Last week, a unit of MidAmerican Energy Holdings Co., owned by Warren Buffett's Berkshire Hathaway in Omaha, said it plans to invest $1.9 billion to build wind farms in Iowa that would increase its wind generating capacity in the state by about half.

MidAmerican Energy Co., Iowa's largest utility, plans to build as much as 1,050 MWs of new wind power plants in the state, adding to about 2,285 MWs of projects that it already owns and operates. The Sierra Club has criticised Nebraska's public power industry for not getting more wind power going.

The state's public power utilities say one reason they're behind is because they're limited by federal law, which offers federal production tax credits to private companies only. So public power districts can only hope to encourage a private company to build a wind farm and then buy the power. Another reason, though, is the difference in state-level incentives.

Iowa's are all over the map and include more aggressive renewable requirements, not just incentives. Nebraska's incentives are barely there and haven't worked well, and a couple of amendments are pending in the Nebraska Legislature right now.
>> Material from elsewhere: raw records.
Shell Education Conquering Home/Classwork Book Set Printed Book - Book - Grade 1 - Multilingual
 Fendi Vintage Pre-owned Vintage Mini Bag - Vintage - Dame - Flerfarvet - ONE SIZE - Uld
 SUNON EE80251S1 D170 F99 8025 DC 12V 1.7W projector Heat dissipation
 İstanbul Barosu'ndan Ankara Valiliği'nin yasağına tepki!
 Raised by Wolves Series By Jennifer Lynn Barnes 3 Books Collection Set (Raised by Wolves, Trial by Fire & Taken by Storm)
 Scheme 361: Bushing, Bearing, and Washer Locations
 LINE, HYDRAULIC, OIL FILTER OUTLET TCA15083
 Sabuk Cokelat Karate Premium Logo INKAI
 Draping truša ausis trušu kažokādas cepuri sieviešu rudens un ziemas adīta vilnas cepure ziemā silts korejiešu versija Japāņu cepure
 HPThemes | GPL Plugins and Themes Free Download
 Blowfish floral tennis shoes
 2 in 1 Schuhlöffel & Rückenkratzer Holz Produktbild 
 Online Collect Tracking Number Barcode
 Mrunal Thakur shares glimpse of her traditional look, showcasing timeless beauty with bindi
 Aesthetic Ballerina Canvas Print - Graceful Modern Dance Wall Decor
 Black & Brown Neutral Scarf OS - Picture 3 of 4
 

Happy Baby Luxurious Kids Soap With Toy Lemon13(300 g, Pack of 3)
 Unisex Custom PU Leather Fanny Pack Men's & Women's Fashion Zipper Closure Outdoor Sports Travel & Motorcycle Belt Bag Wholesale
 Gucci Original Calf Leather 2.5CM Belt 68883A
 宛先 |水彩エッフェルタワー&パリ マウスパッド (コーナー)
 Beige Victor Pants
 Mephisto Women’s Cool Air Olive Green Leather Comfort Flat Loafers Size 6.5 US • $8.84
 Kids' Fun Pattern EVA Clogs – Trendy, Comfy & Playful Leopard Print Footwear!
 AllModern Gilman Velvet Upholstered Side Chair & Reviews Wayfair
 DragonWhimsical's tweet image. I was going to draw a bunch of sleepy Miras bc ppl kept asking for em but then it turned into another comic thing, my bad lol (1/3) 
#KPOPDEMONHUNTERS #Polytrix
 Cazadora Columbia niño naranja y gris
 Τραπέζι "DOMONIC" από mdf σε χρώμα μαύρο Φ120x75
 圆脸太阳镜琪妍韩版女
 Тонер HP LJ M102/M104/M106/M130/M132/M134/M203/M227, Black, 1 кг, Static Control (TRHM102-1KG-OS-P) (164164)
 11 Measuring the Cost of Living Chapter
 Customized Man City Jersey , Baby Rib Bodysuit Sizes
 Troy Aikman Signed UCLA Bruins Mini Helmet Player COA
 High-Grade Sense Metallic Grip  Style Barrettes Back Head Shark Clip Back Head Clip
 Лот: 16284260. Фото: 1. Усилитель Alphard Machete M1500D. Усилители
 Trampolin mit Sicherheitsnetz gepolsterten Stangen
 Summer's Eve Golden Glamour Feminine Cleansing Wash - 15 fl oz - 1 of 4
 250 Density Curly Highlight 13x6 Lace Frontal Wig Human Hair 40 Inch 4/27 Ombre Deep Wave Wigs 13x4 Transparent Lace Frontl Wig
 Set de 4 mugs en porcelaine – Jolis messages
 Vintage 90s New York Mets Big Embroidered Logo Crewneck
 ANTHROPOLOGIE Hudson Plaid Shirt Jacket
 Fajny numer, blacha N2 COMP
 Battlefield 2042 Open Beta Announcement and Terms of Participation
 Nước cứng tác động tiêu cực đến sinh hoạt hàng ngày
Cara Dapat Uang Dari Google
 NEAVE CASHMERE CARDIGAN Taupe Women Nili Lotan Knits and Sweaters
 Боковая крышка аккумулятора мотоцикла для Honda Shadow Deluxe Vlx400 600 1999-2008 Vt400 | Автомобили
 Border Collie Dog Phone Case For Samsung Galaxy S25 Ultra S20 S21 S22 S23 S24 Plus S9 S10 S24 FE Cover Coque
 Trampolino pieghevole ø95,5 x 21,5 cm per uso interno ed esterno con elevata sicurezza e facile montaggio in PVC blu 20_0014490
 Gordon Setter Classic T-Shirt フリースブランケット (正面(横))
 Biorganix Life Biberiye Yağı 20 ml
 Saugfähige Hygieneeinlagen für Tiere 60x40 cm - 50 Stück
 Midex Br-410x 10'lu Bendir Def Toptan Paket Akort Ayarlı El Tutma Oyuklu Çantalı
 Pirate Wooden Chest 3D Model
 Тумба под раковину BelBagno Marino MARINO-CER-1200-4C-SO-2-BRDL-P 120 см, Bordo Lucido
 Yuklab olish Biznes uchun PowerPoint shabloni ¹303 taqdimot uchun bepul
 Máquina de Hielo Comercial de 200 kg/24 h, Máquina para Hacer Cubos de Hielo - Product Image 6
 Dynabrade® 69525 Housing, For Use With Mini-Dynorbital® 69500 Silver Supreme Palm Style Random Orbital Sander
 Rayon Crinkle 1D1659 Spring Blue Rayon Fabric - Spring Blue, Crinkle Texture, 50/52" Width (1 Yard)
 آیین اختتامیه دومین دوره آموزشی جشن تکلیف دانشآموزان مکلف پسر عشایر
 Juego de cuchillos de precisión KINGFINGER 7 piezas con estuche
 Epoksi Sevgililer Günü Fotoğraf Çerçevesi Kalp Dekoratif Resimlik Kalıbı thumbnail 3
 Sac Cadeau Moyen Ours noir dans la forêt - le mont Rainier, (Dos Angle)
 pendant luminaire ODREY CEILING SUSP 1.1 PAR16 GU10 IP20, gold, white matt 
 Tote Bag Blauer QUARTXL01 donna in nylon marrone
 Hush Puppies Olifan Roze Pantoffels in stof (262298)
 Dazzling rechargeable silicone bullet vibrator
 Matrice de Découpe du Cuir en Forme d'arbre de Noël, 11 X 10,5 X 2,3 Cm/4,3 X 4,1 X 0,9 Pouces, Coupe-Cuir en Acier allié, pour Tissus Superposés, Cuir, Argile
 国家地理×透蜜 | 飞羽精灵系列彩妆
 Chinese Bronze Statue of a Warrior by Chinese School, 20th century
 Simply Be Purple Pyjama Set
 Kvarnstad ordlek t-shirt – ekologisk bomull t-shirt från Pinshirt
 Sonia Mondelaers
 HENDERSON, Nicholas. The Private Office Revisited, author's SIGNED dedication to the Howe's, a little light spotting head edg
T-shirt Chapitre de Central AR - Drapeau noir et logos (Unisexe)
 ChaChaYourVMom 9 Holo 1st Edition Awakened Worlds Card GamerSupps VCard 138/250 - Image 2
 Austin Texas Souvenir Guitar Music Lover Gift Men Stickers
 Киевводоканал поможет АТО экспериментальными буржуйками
MidAmerican, based in Des Moines, Iowa, says it is the largest U.S, owner of wind generation capacity among rate-regulated utilities.

Iowa ranks third among states with the most wind generating power, with 4,536 MWs of installed capacity, behind Texas and California, according to the American Wind Energy Association. Nebraska is halfway down the list of states with more than 400 MWs, which is expected to double over the next 18 months as $600 million in wind power investment is spent.